Until the decision in Jackson v Newns  VSC 32, this was the prevailing view. Here an application by a nephew who had received substantial but minority provision from his uncle’s estate was dismissed on the basis that a great relationship didn’t translate into responsibility for provision being owed. This case involved an application by a nephew of the deceased who was left approximately $150,000.00 under his uncle’s Will. He claimed on the basis that his uncle had been more akin to a father to him. It was held that a great relationship didn’t create an obligation to make testamentary provision and in the circumstances of that case, certainly didn’t create an obligation to make provision beyond the six figure sum provided by the Will.
The claim in Jackson was dismissed under the old test which required the claim to be practically hopeless before it would be dismissed. Under section 63 of the Civil Procedure Act 2010 the test has been restated and moderated to be that there is no real prospect of success. This has been interpreted as requiring a claim to have a real, rather than a fanciful prospect of success and theoretically lowers the bar that defendants have to jump to strike claims out.
However, section 64 of the Civil Procedure Act 2010 also provides that even if a claim has no real prospect of success, the Court may permit it to proceed to trial if it is appropriate that it do so or it is in the interests of justice that it do so.

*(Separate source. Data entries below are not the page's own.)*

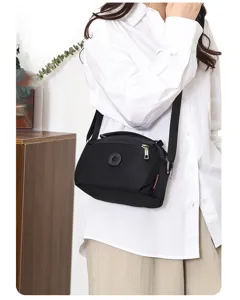 Minimalist black oxford cloth crossbody bag casual daily wear lightweight shoulder bag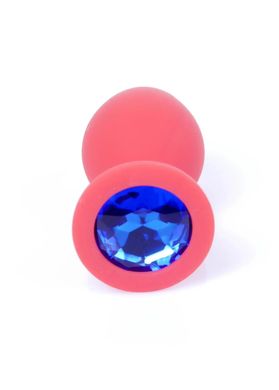 Анальна пробка зі стразом Boss 3,5см Plug-Jewellery Red Medium Blue М - фото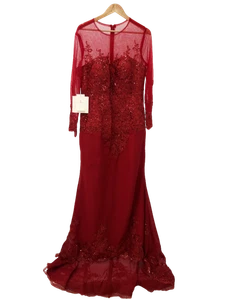 LANTINGS Ladies UK 14-16 Red Embellished Mesh Detailed Maxi Dress New With Tags - Picture 1 of 13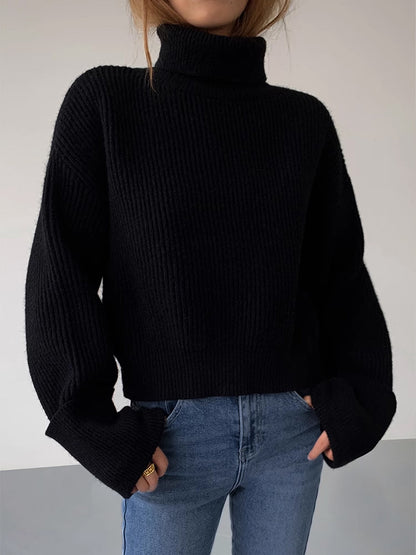 Turtleneck Ribbed Warm Sweater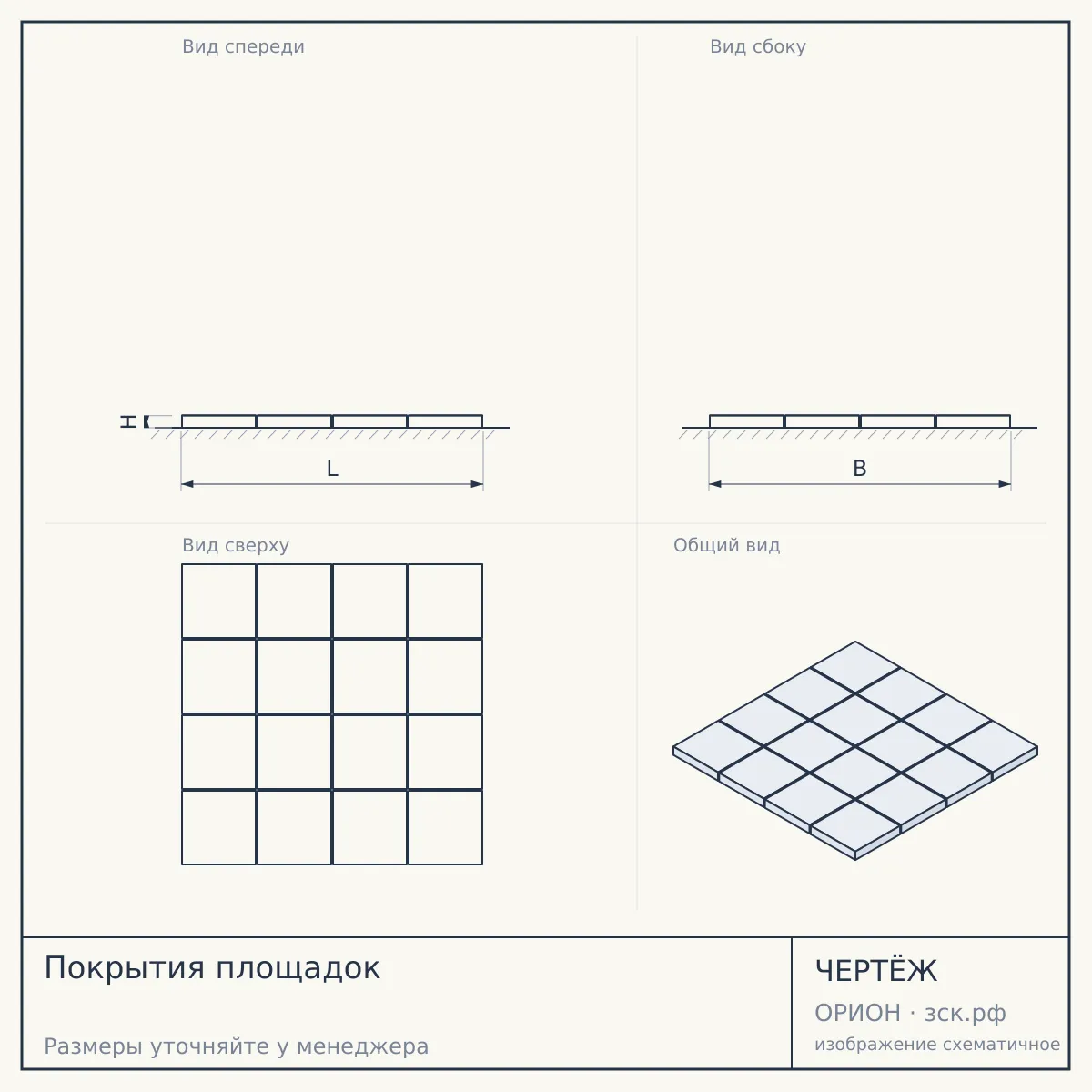 Покрытия площадок — чертёж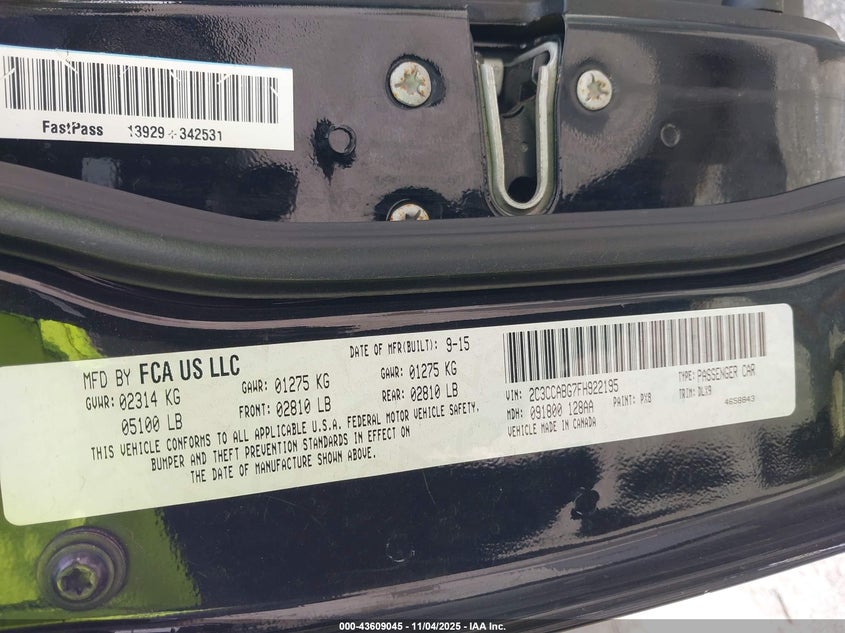 2015 Chrysler 300 300S VIN: 2C3CCABG7FH922195 Lot: 43609045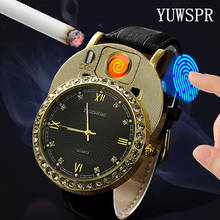 Cigarette Lighter Watches Mens Quartz Watch USB Rechargeable Luxury Diamond Dial Casual Wristwatches for Men Male Clock JH391-2 2024 - buy cheap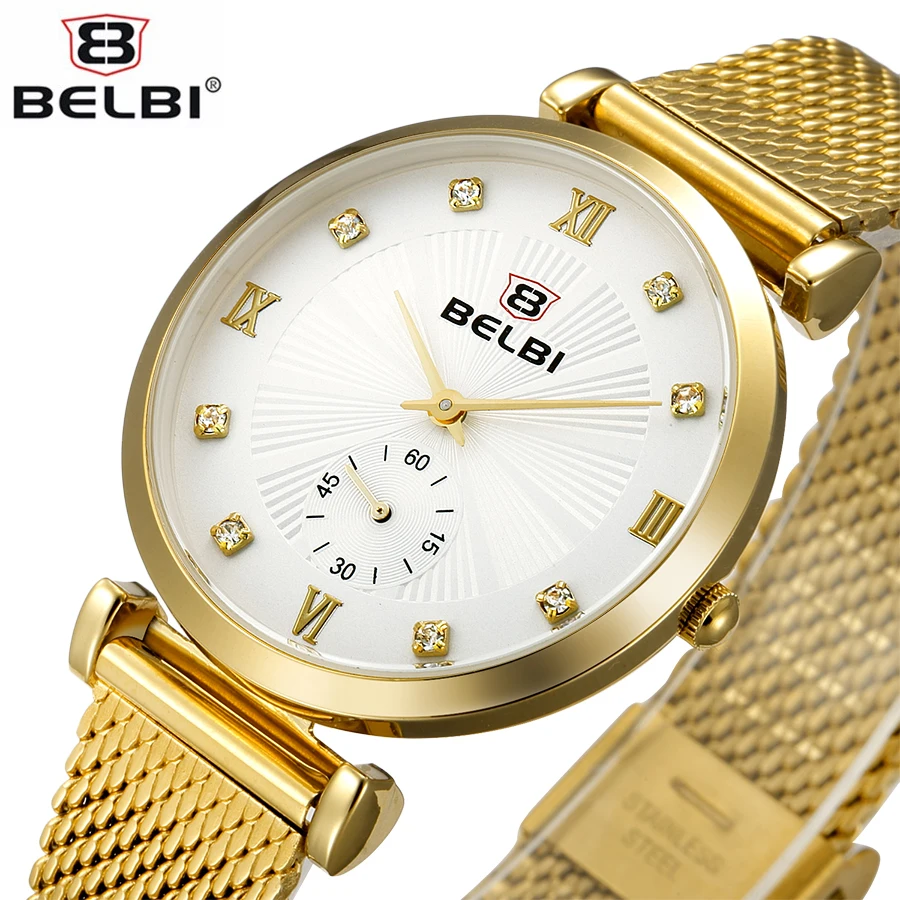 BELBI Brand New Elegant Fashion Watch Women Stainless Stell Mesh Bracelet Band Casual Quartz Wristwatch Ladies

Despite the existence of section 64, it was thought that the Courts would if anything be more willing to exercise their power of summary dismissal. However, it would appear that this has not been the case. While Jackson sparked a flurry of applications, the bulk of those that have been decided to date have been unsuccessful.
Other relevant cases are Wollensack v Leone  VSC 324, Storey v Semmens  VSC 305, Webb v Ryan  VSC 461, Estate of Polley and Colville v Edmunds  VSC 85.
In conclusion, the concept that apparently weak claims will not make it past the summary stage has not materialised despite Jackson v Newns. Legal commentators believe that unless the circumstances said to ground the claim are self evidently unarguable or ridiculous, there is no point in subjecting the client to the costs of an unsuccessful application and giving the plaintiff a second wind before mediation. Where an application is to be made however it should be made early on in the proceeding.